Electronic mail today, even more than the fax, is on the way to transforming the entire public and private space of humanity, and first of all the limit between the private, the secret (private or public), and the public or the phenomenal.

-Jacques Derrida, “Archive Fever” (italics mine)

Over the years, I’ve complained about Facebook along many axes: the violations of privacy, the hierarchies it creates (for you — free of charge!) among “equals” on your Friends list, and the foundational role of Facebook in the rise of Big Data.

I’ve complained about the dilution of self on Facebook, too: nobody is ever sad, because it looks bad. Everyone behaves moderately, fearing for their jobs. It’s about as wild as a youth group holding a casino night.

But today I have to risk a possibility that makes a lot of that complaining obsolete, which is that Facebook isn’t the problem — at least, not anymore. The fault is in ourselves.

Almost anything you create or fight for, can go on Facebook. You’re not going to lose your job over a poem, or a beautiful photograph, or a health care petition, or a philosophical musing. So when nothing like that appears in your feed, it’s because people aren’t creating. Sure, they might be writing journal entries, but they wouldn’t necessarily share those with you in person, either.

Here’s another dirty little secret: 99% of the “dangerous” things that go on Facebook never come back to bite the poster. Facebook is a huge, difficult archive. Anything you post there gets buried, fast. I’ve written something like 6,000 tweets. I don’t know what tweet #1000 was. I don’t think anyone knows what it was. Finding it by any means, Google search or what-have-you, would be like rolling five Yahtzees in a row. And this concerns information I have made public, and tried to publicize. The multipliers for Facebook are even greater, since I post 2 or 3 times to Facebook for every single tweet.

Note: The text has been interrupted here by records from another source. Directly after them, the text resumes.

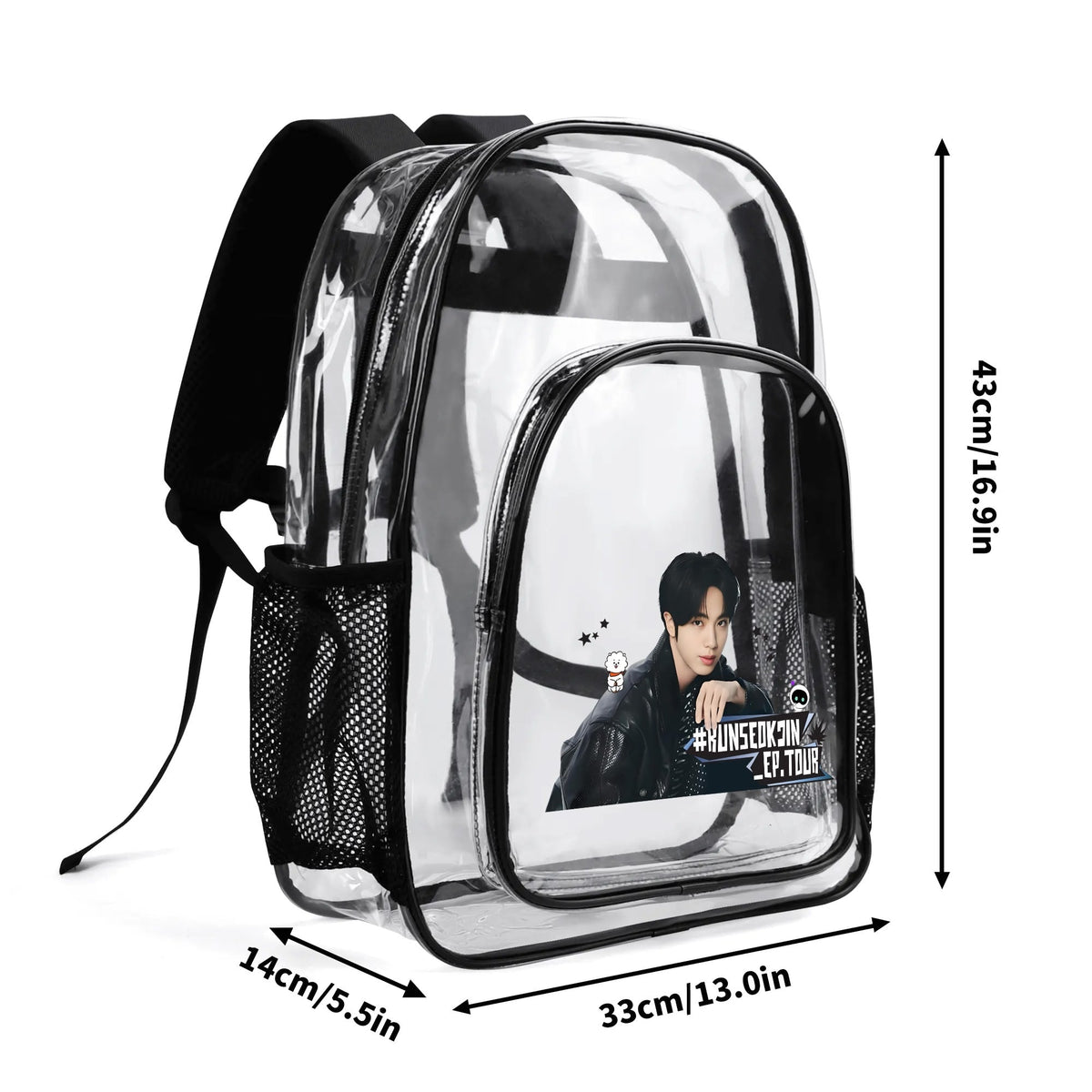 BTS RunSeokJin Jin Concert Tour Backpack - Double layer 17 Inch Clear Bag PVC See Through Transparent School Backpack - Beyond The Shoppe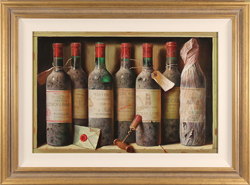 Raymond Campbell, Original oil painting on panel, Treasures of the Cellar Medium image. Click to enlarge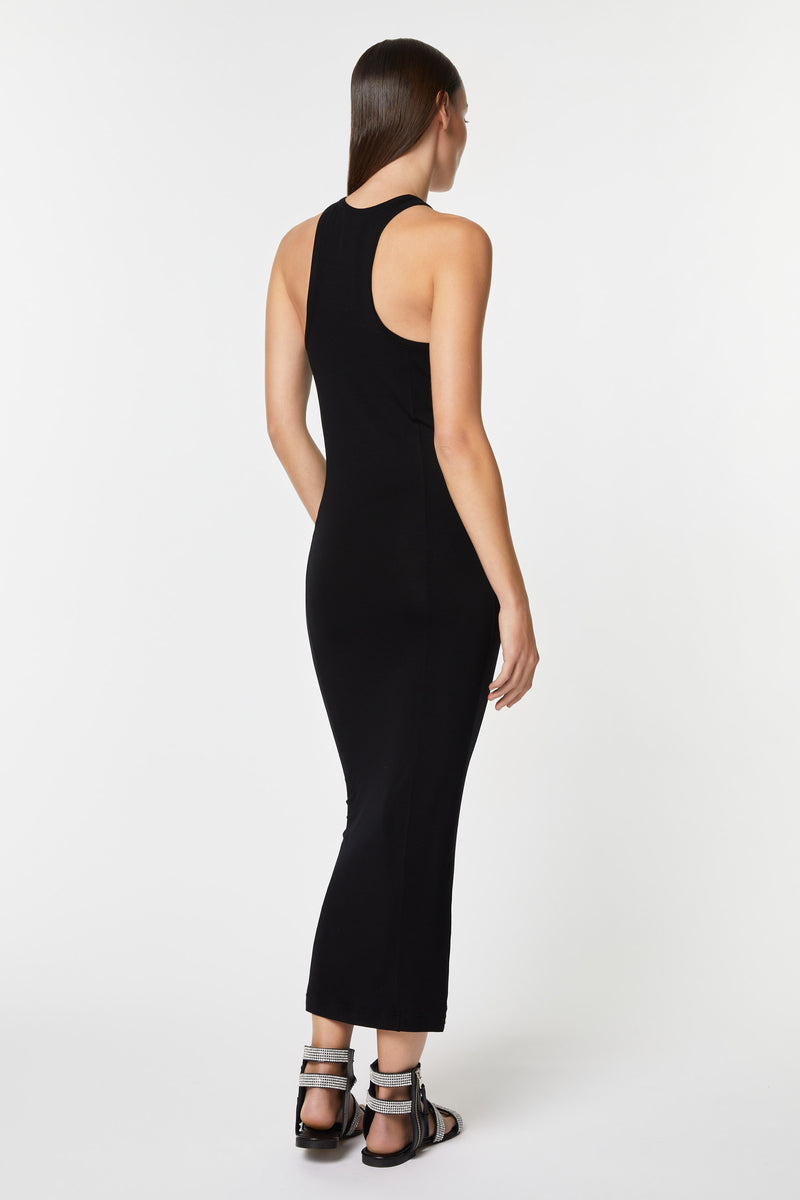 HALTER NECK MAXI DRESS IN STRETCHY VISCOSE JERSEY 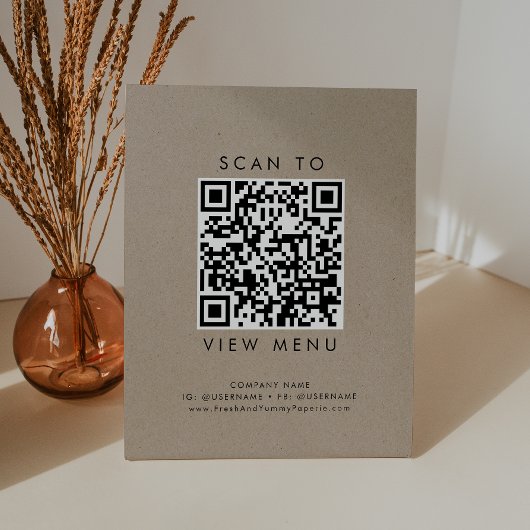 Chic Imitats Kraft Typografy Restaurant QR Code Sockelschild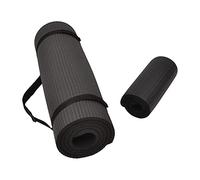 Balance From Go Yoga+ All-Purpose 1/2-Inch Extra Thick High Density Anti-Tear Exercise Yoga Mat and Knee Pad with Carrying Strap (Black)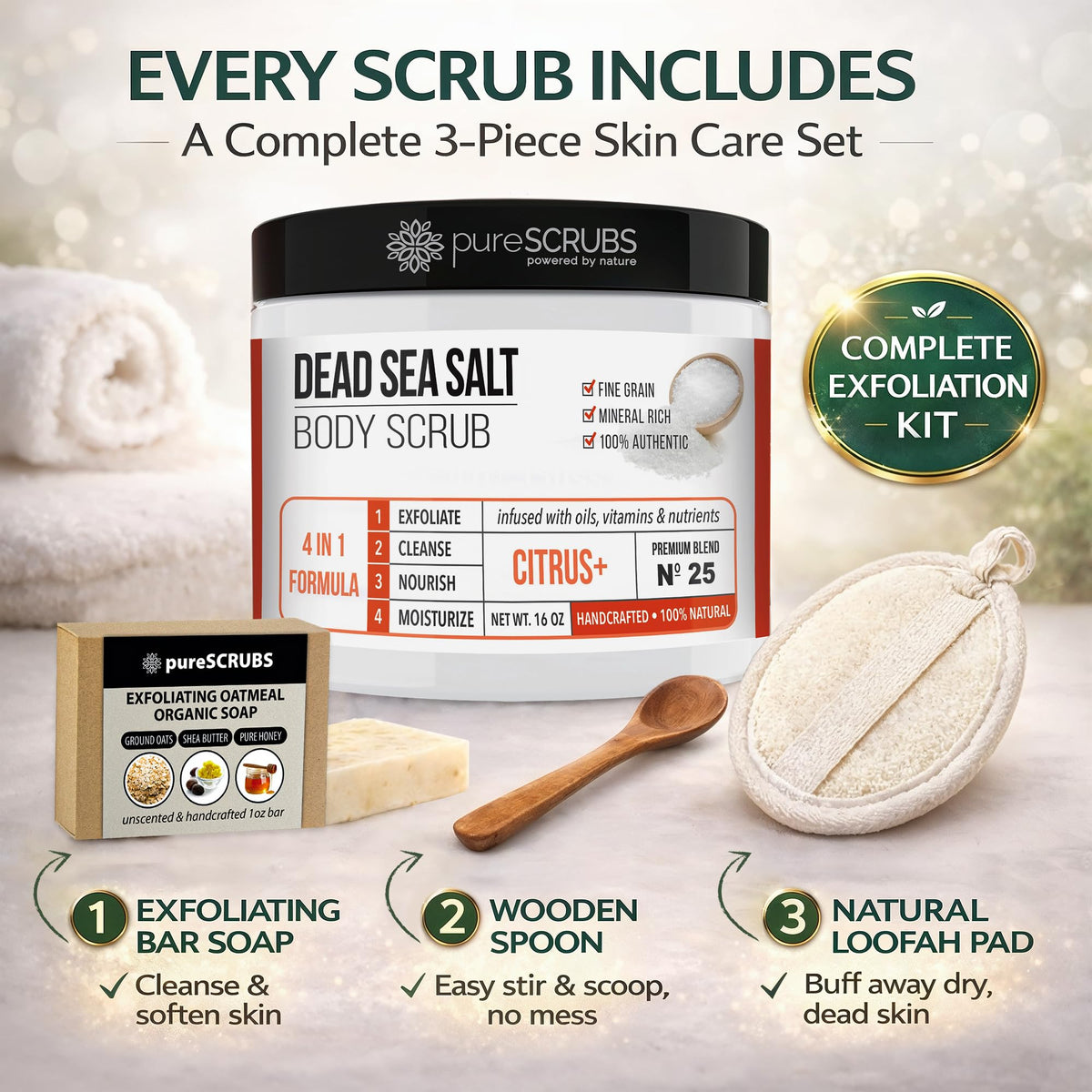 pureSCRUBS oatmeal exfoliating bar soap lathering to soothe skin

This is Derrida’s point about modern archives. In theory, everything is instantly retrievable, and utterly searchable. In practice, the archive is subtly and totally opaque. Everything we post is digested into a vast archive where anything can be remembered, but nothing really needs to be. Life goes there to die.

Meanwhile, just look at how far Nishant Kothary runs with “Facebook bad” truisms in his column, “The REAL Real Problem With Facebook”:

Successfully integrating yourself into the Facebook world, then, relies on you being willing (or able) to provide a clear answer to the question, “Who are you?” And therein lies the rub. Speaking for myself, the only thing that’s static about me is my constant state of change. It ripples through the many sides of my identity.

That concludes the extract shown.